Cuba será, na próxima sexta-feira, terreno neutro para um encontro inédito entre o Papa Francisco e o Patriarca russo Kirill – o primeiro entre o chefe da Igreja Católica e o líder da maior e mais influente das Igrejas Ortodoxas desde o grande cisma de 1054. A perseguição dos cristãos no Médio Oriente, que atinge e alarma as duas comunhões, é a razão que levou Moscovo a aceitar um encontro há muito desejado pelo Vaticano.

A reunião “vai marcar uma etapa importante nas relações entre as duas igrejas”, asseguram as duas igrejas no comunicado conjunto divulgado esta sexta-feira, dizendo esperar que a cimeira “seja igualmente um sinal de esperança para todas as pessoas de boa vontade”. Francisco, a caminho de uma visita que se espera emblemática ao México, fará no dia 12 uma breve escala no aeroporto internacional de Havana, onde Kirril tinha já agendado uma visita oficial.

“Será a primeira vez na história”, congratulou-se o padre Federico Lombardi, porta-voz do Vaticano, onde o encontro estava a ser preparado há meses. O próprio Papa contou, há pouco mais de um ano, que tinha telefonado a Kirill garantindo-lhe a sua total disponibilidade: “Vou quando quiser que eu vá. Ligue-me e eu vou”, terá dito.

Ao entusiasmo do Vaticano, a Igreja Ortodoxa russa, comunhão de 130 milhões de pessoas, respondeu que as divergências das últimas décadas não foram sanadas, mas precisam de ser postas em segundo plano “neste momento trágico”. “A situação que se vive no Médio Oriente, no Norte e Centro de África e noutras regiões onde os extremistas estão a levar a cabo um autêntico genocídio da população cristã exige medidas urgentes e uma cooperação ainda maior entre as igrejas”, explicou à Reuters o metropolita Hilarion, uma das mais destacadas figuras da Igreja Ortodoxa russa.

Desde o cisma entre as igrejas cristãs do Oriente e do Ocidente, há quase mil anos, a proximidade doutrinal nunca ultrapassou as rivalidades e desconfianças mútuas. Nas últimas décadas, o Vaticano conseguiu, no entanto, estabelecer laços próximos com a Igreja Ortodoxa Grega, em especial com o patriarca de Istambul, considerado o “primeiro entre iguais” no seio da comunhão.
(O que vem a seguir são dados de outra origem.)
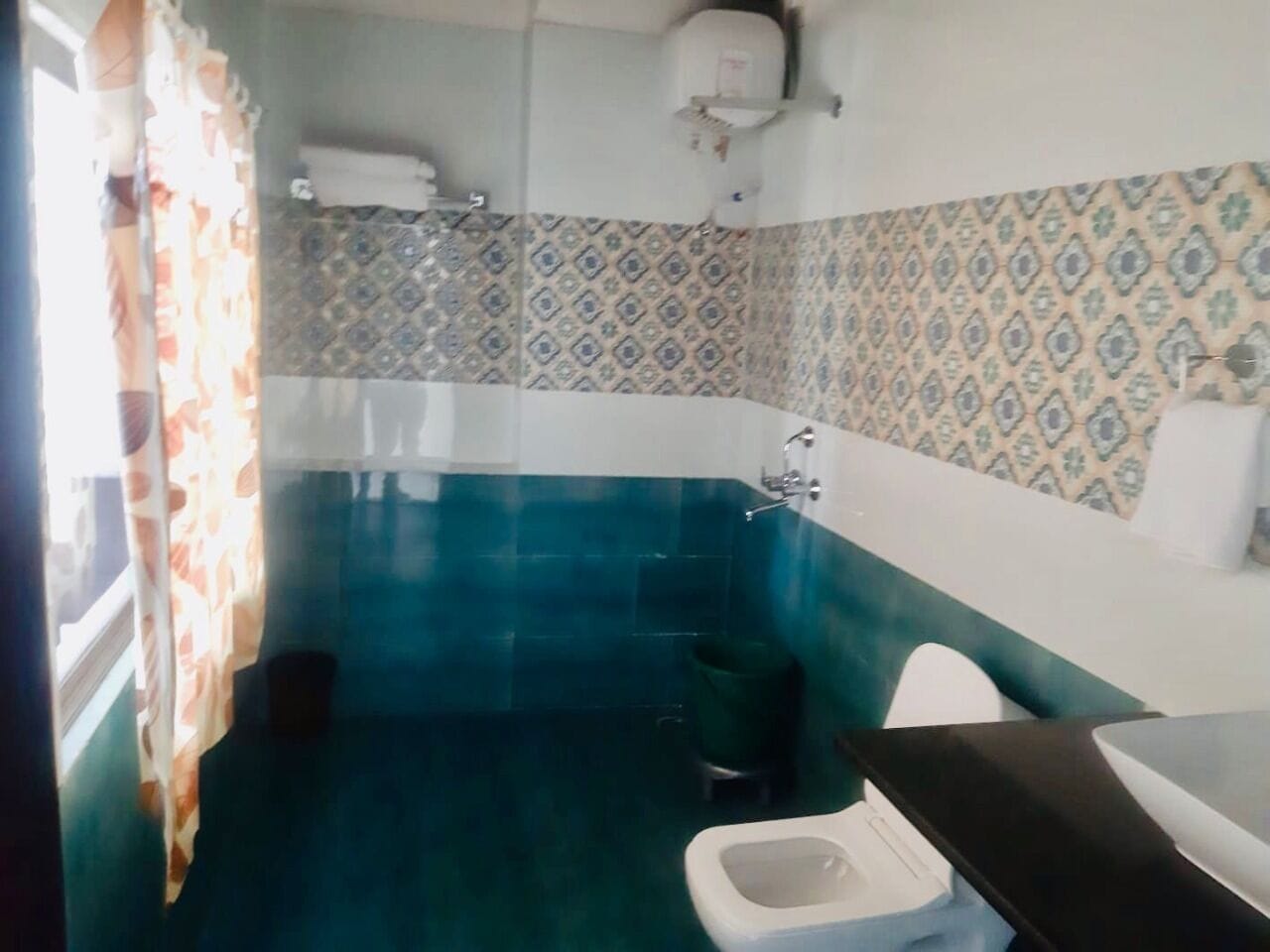 A small bathroom with a toilet, a sink, and a shower.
A Santa Sé nunca teve o mesmo sucesso com a Igreja Ortodoxa russa, que desde o fim da União Soviética acusa a Igreja Católica de proselitismo nos territórios que até aí dominava, escreve o Catholic News Service (CNS). A agência AP recorda que João Paulo II tentou durante anos encontrar-se com o então patriarca russo, mas nem ele nem o seu sucessor, Bento XVI, conseguiram vencer as resistências de Moscovo, afrontado com o que considerava ser as tentativas do Vaticano para estender a sua influência à Rússia e sobretudo à Ucrânia, onde algumas das propriedades confiscadas por Estaline e entregues aos ortodoxos foram depois da independência devolvidas aos católicos. “Esta é uma grande notícia no ano do Jubileu da Misericórdia”, disse ao CNS o padre jesuíta David Nazar, responsável do Instituto Pontifício Oriental.

Mas o local escolhido para a reunião é simbólico do caminho que ainda há a percorrer – o metropolita Hilarion explicou que Kirill recusou que o encontro acontecesse na Europa “porque é a ela que está ligada a trágica história de divisões e conflitos entre os cristãos”. Francisco, que como os seus antecessores fez do ecumenismo uma prioridade, insistindo que é vital para responder às perseguições contra os cristãos, deu há dez dias um outro passo significativo ao anunciar que assistirá a uma cerimónia, a 31 de Outubro na Suécia, para assinalar o início de um ano do 500º aniversário da reforma de Martinho Lutero, personagem central do protestantismo.